Over the past 3 years, English Wikipedia developed an easy process to reuse text from open license sources and a metrics tool to measure the usage of text from different sources in cooperation with UNESCO. As a result, UNESCO publication text appears on Wikipedia articles, which are seen over 4 million times per month. This demonstrates the potential of OERs as sources of text for Wikipedia. We are now starting to expand this work to other UN agencies including FAO and WIPO. Text from one 28 page FAO publication has been used to improve 10 Wikipedia articles related to fishing which are viewed over 80,000 times per month.

In order to extract full value of open license resource to increase the quality and quantity of expert written content on Wikipedia, a tool is needed to systematically survey, assess and integrate large amounts of open license text, data and images from external sources and integrate it into Wikimedia projects.

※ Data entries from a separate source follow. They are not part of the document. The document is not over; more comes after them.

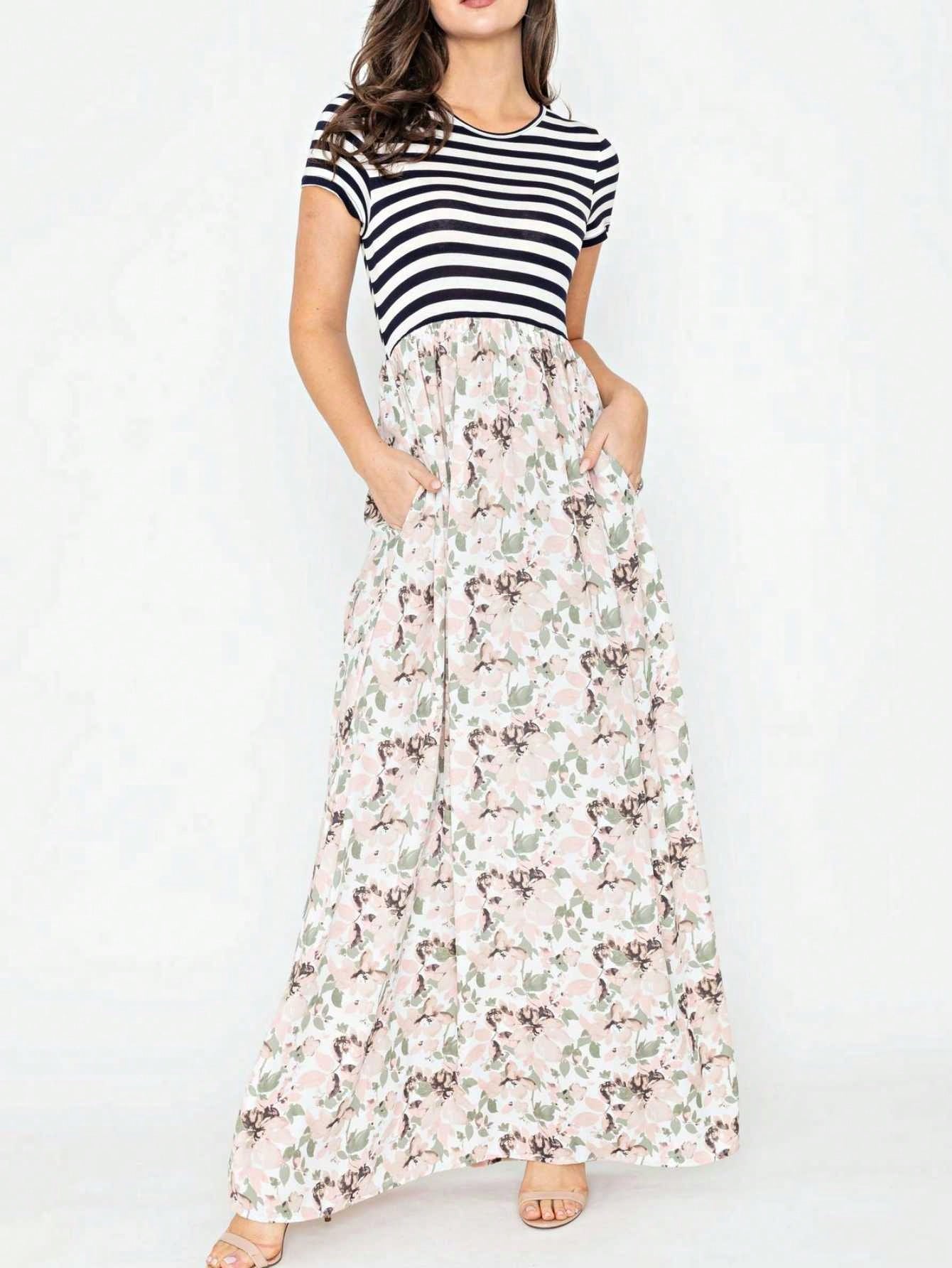 Halter Sleeveless Ditsy Floral Vacation Cruise Multi Chevron Stripe Yellow, Navy And Mint Sleeveless Maxi Dress With Pocket | S-3X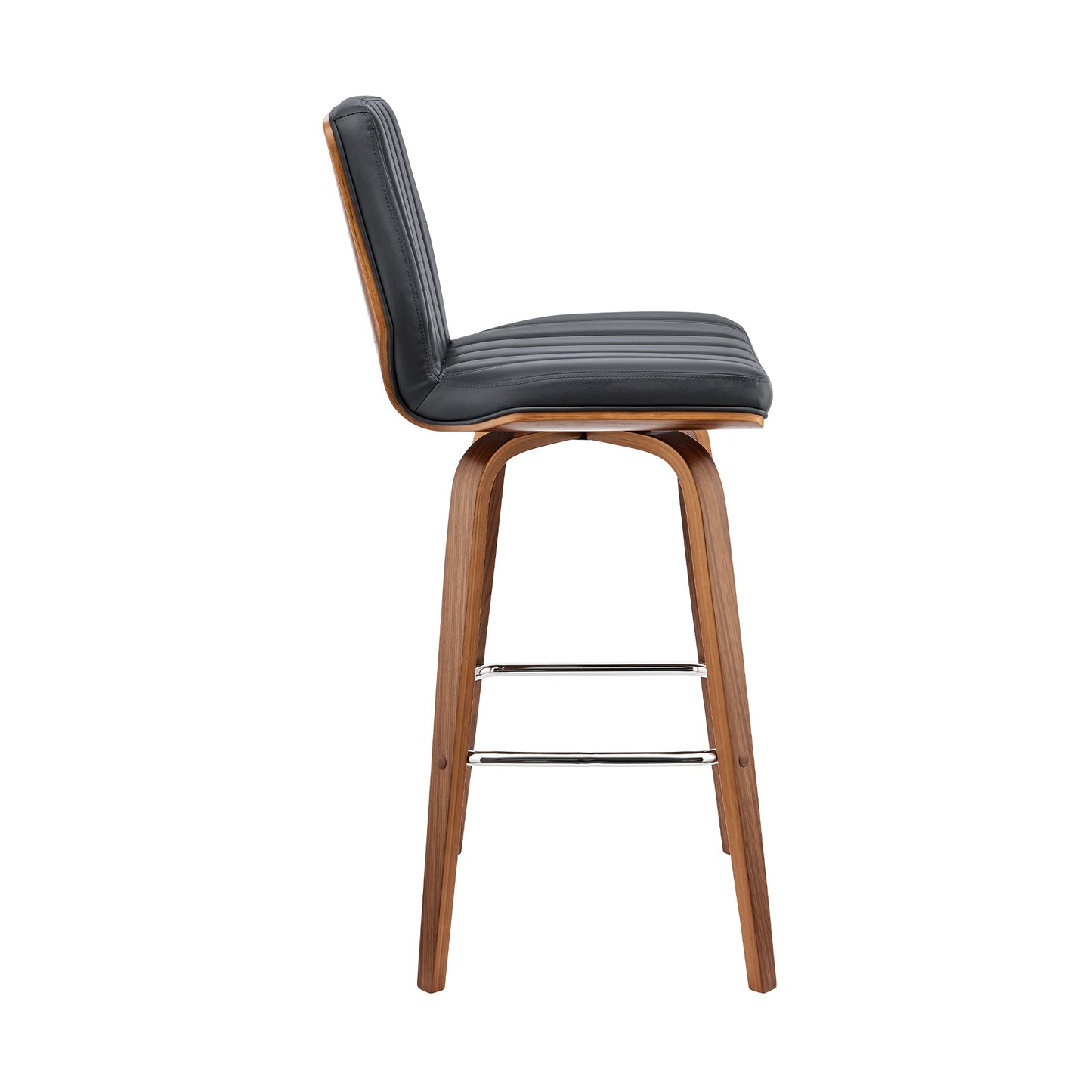 Renee 30" Swivel Gray Faux Leather and Walnut Wood Bar Stool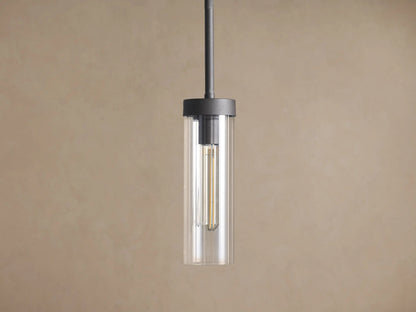 Brass Glass Pendant with Clear Fluted Shade — product view 6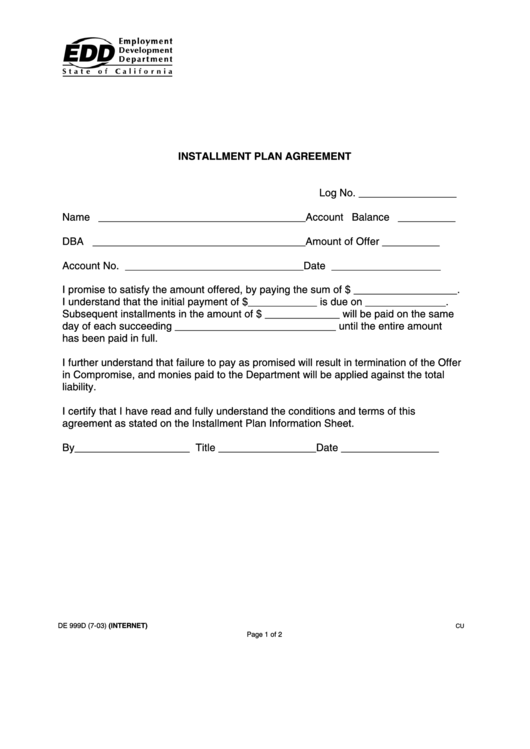 Form De 999d - Installment Plan Agreement Printable pdf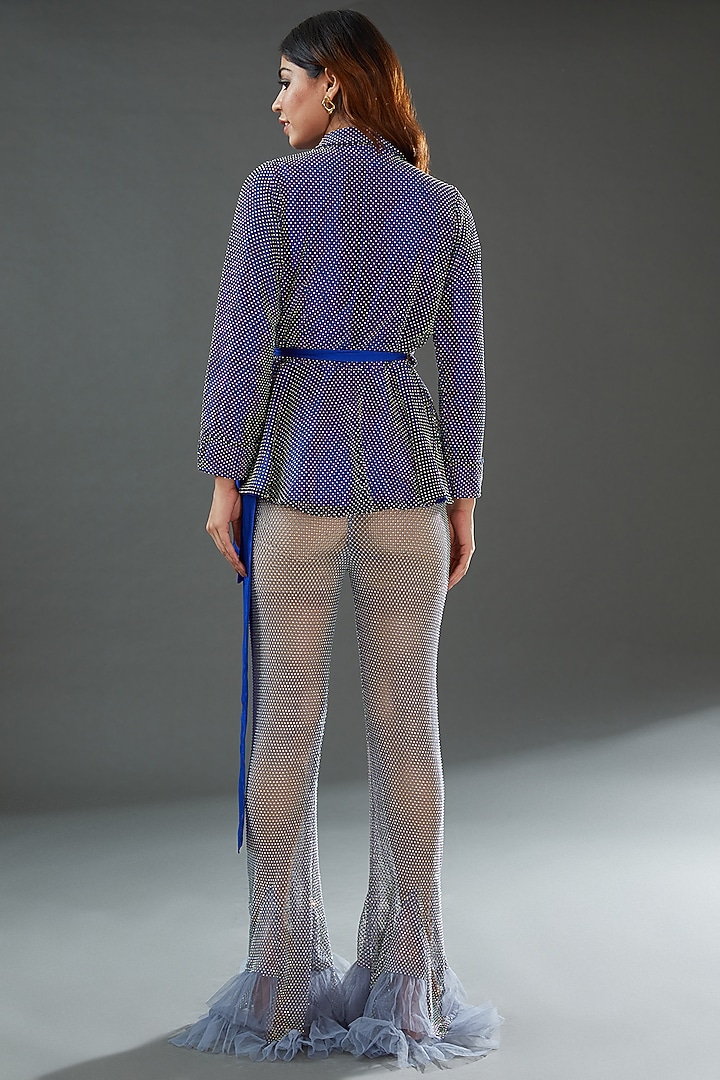 Blue Mesh & Taffeta Peplum Top by Nitya Bajaj at Pernia's Pop Up Shop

A structured process will have additional benefits and encourage the production of additional tools:

  • Since it will introduce their work to a new and more diverse audience, the tool will encourage organisations to make use of open license by establishing Wikipedia as a forum to share their text. Wikipedia is not yet able to capitalise on the text because there does not exist a structured process to assess what resources are available.
  • Given that the UN requires a very high quality of documentation, the tool will ensure that the documentation added to Wikipedia will be of good quality and used by a wide audience.
  • The tool will encourage others to create further tools to facilitate the extraction and processing of open license content from external sources.  

Project Plan

[edit]

My Background

[edit]

I hold two Bachelor degrees from the University of Leipzig, Germany in Anthropology and Linguistics. As a student assistant, I carried out research for the Chair of Anthropology, copy-edited texts and set up an academic booklet out of Master students' term papers. Sponsored by a Carlo Schmid Programme fellowship (October 2018-March 2019) through the German Academic Exchange Service (DAAD), I worked in the Diversity of Cultural Expressions Section at UNESCO. There, I was able to enhance and extend my analytic abilities by carrying out research on the implementation of the 1980 Recommendation concerning the Status of the Artist, for instance. As a result, and under the guidance of the Wikimedian in Residence at UNESCO, John Cummings, I implemented Wikipedia as a tool to share my findings with a broader community. I wrote two Wikipedia articles on “Artistic Freedom” and the Section’s Global Report “Re|Shaping Cultural Policies”. Additionally, I integrated important data (abbreviations used by UNESCO, data (graphs and figures) produced by UNESCO etc.) into Wikidata. I also participated in the Wiki4Women event to increase the presence of Wikipedia articles on women.

Activities

[edit]

Tell us how you'll carry out your project. What will you and other organizers spend your time doing?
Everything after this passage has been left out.